Na segunda-feira, tive a agradável companhia do médico no Alto Zaza. A seguir ao almoço, foram para lá o capitão, o alferes Vieira e o Graça Marques. Aproveitei parte da tarde para dar uma volta a pé pelos arredores do Alto Zaza, na companhia do médico, que me ofereceu uma fotografia que em breve receberão.

— Quando é que me apanhaste a dormir, Graça Marques?

— Há dias. Pouco tempo depois de ter comprado a máquina.

— Olha que foi para mim uma verdadeira surpresa. Não dei por nada!

— Pois não! Quando entrei no quarto para te ir desafiar para sairmos, roncavas como um justo. Não resisti à tentação. Fui buscar a máquina e apanhei-te a dormir. Tirei a foto e voltei a sair. Não deste absolutamente por nada. Estavas ferrado e todo esparregado em cima da cama! Tenho ainda outra fotografia para te dar. Mas ficou em Quimbele. Lembras-te de eu te ter tirado uma foto a apanhar-te só a cabeça e de te ter dito que ia testar a máquina?

— Perfeitamente! Fui eu que te ajudei a regulá-la para uma posição de «close-up». Nem sabias o que era isto, quando te falei no «close-up»!

— Pois olha que a foto ficou impecável. As lentes são uma categoria! Estás nítido. Quase dá para contar os pelos do teu bigode.

— Estou curioso em ver essa maravilha. Vais dar-me uma, para mandar aos meus velhotes. Vão ficar felizes por me verem, ainda que seja só no papel.

— Ouve lá, Ulisses. Tenho uma coisa que te quero perguntar.

— Pergunta.

— Há bocado, quando chegámos, deixaste-me perplexo!

— Perplexo?! Mas a que propósito?

— Quando o capitão esteve a falar connosco, a falar da necessidade de ir alguém substituir o Raul, que está no Cabula Calonge, por que é que te ofereceste logo? Não seria mais lógico ir o Valério e ficares tu em Quimbele? Não é a tua vez?

— É. É a minha vez de ficar em Quimbele. Mas eu ainda não conheço o Cabula Calonge. Conheço bem toda a região do Alto Zaza, menos esta zona.

— Mas essa zona não fica mais próxima de Quimbele do que do Alto Zaza?

— Creio que sim. Mas a região mais importante de toda a Companhia é o Alto Zaza. Por isso, penso que deve também pertencer ao Alto Zaza. Até era aqui, no Alto Zaza, que deveria estar a sede da Companhia, e nunca na vila.

— Sinceramente, não te estou a entender. Trocas a civilização pelas sanzalas?

— Não tenho que andar permanentemente sob as ordens do capitão. Longe da sede, sou eu quem manda. Sinceramente, e olha que isto não é para dizer a ninguém, fica aqui entre nós, às vezes o capitão não me agrada.

— Não te agrada? Olha que é um tipo porreiro.

— Não. Não me agrada. Às vezes não me agrada. Tem demasiado «pâtois». Muita conversa. Está habituado a enrolar-vos, quando vos contacta nos consultórios, a publicitar os medicamentos... Tem às vezes saídas que não me quadram!

— É capaz de ser só impressão tua. Tens andado sempre afastado.
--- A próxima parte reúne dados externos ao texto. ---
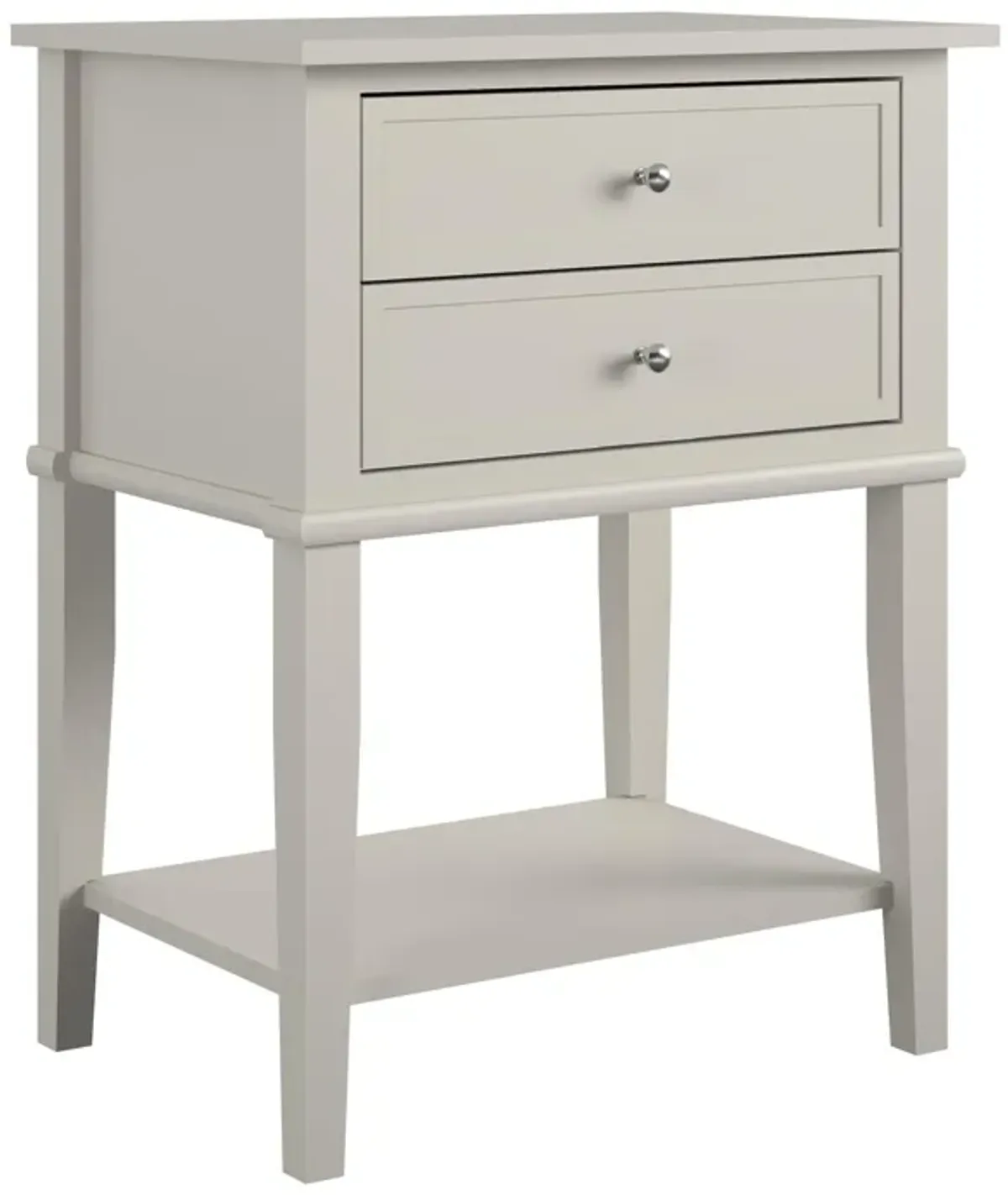 Franklin Accent Table with 2 Drawers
— Gosto mais da franqueza e do convívio dos meus camaradas, especialmente do Valério e do Vieira. Olha, por exemplo, o Vieira. É de poucas falas. Sempre calado, mas parece-me um tipo fixe, sensato, ponderado, um tipo de confiança. Totalmente o oposto do capitão, que julga que anda no Porto a impingir a banha da cobra a toda a gente.
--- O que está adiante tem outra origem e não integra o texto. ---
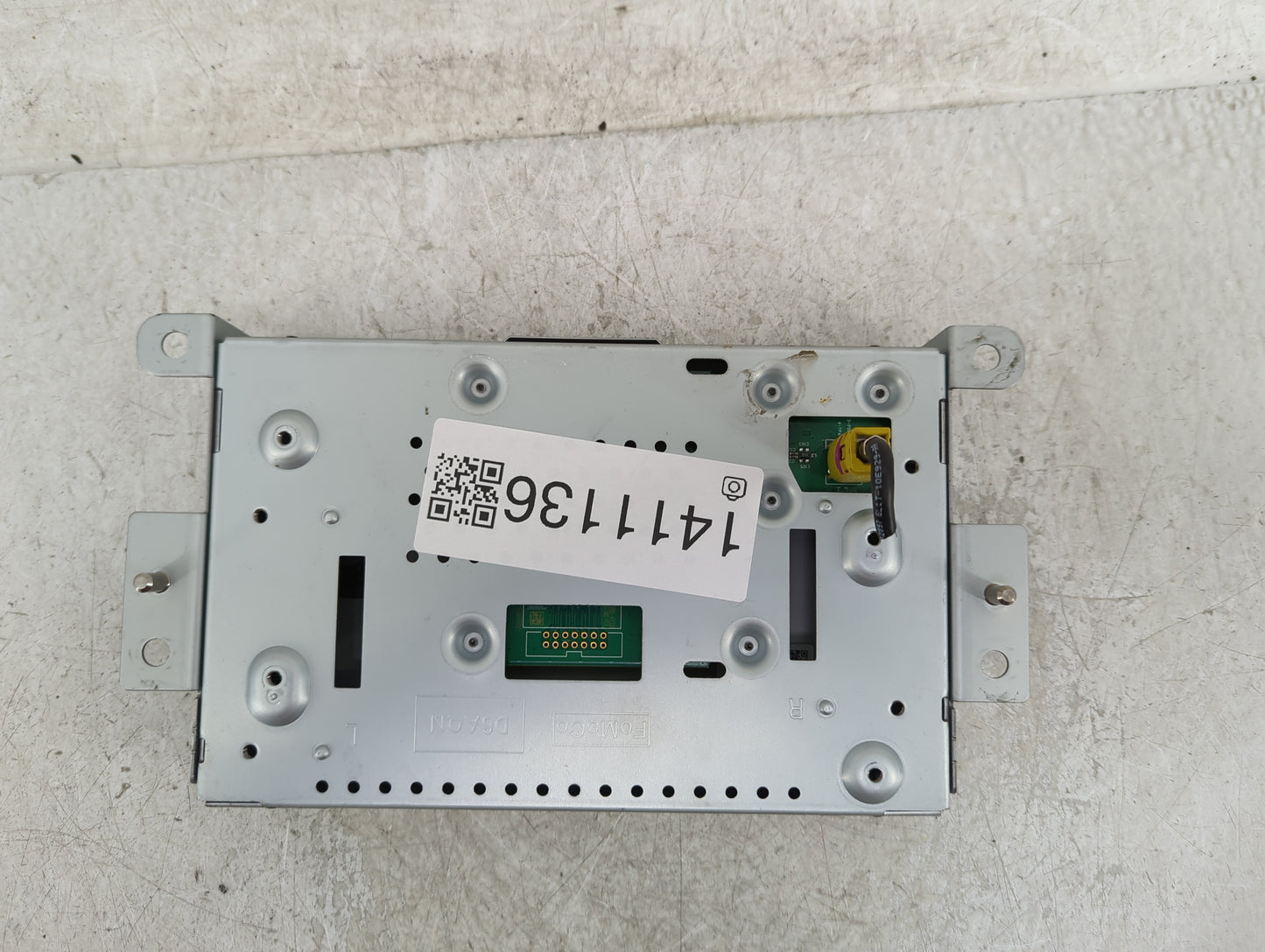 2016-2019 Ford Escape Information Display Screen - Oemusedautoparts1.com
— Estás a exagerar, Ulisses. Tem o feitio dele. É a maneira de ser das gentes tripeiras. Não tenho nada a dizer. Parece-me bom tipo.

— As gentes tripeiras conheço-as eu bem, Graça Marques. Lembra-te que fiz todo o meu liceu no Porto, no Alexandre Herculano. Deves conhecer. Para os lados de Campanhã.

— Estás a exagerar. Não posso dizer mal do capitão. Isso é impressão tua, Ulisses.

— Talvez tenhas razão. Deve ser impressão minha. Seja como for, no Cabula Calonge estou por minha conta. Devo estar lá bem, apesar de lá não estar o meu pessoal.

— Tu é que sabes. A escolha é tua. Mas creio que fizeste mal. Estavas melhor em Quimbele.